Finite Horizon Optimal Dividend and Reinsurance Problem Driven by a Jump-Diffusion Process with Controlled Jumps

Abstract

In this paper, we discuss an optimal dividend and reinsurance problem for an insurance company facing two types of risks: unstable income and potential loses. The arrival of all loses is characterized as a compound Poisson process. We assumes that every possible loss can be reinsured for a part of it. The reserve is a combination of a diffusion process and a controllable compound Poisson process. We investigate the optimal dividend and reinsurance strategy by analyzing the corresponding variational inequality on the value function. A significant difference from the existing literature is that the HJB equation in this variational inequality is a partial integro-differential equation with a functional optimization problem appearing in the integral operator.
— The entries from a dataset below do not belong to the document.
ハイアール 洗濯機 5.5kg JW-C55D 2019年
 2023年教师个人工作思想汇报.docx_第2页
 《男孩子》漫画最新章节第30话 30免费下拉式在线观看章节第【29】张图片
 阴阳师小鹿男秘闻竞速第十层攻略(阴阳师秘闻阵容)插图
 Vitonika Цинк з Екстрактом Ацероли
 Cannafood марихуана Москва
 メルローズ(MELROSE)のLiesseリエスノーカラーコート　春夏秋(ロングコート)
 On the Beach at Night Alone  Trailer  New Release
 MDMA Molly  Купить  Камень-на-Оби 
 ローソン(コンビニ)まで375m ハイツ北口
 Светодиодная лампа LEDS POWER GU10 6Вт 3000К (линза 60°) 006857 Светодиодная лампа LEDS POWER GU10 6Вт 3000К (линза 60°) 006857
We not only prove the existence of a classical solution to the problem and the continuity, strict monotonicity, boundedness of the dividend free boundary, but also discuss the properties of the optimal reinsurance policy, including the continuity, monotonicity of the optimal part covered by reinsurance for each possible loss, and the smoothness of the reinsurance free boundary.

Appendices

Appendix A Proof of Theorem 3.2

In this section, we prove Theorem 3.2. Suppose V is the value function defined in (2.5) and v is the solution of the problem (3.1), denote \({\widehat{V}}(x,t)=v(x,T-t)\). We come to prove \({\widehat{V}}(x,t)= V (x,t)\).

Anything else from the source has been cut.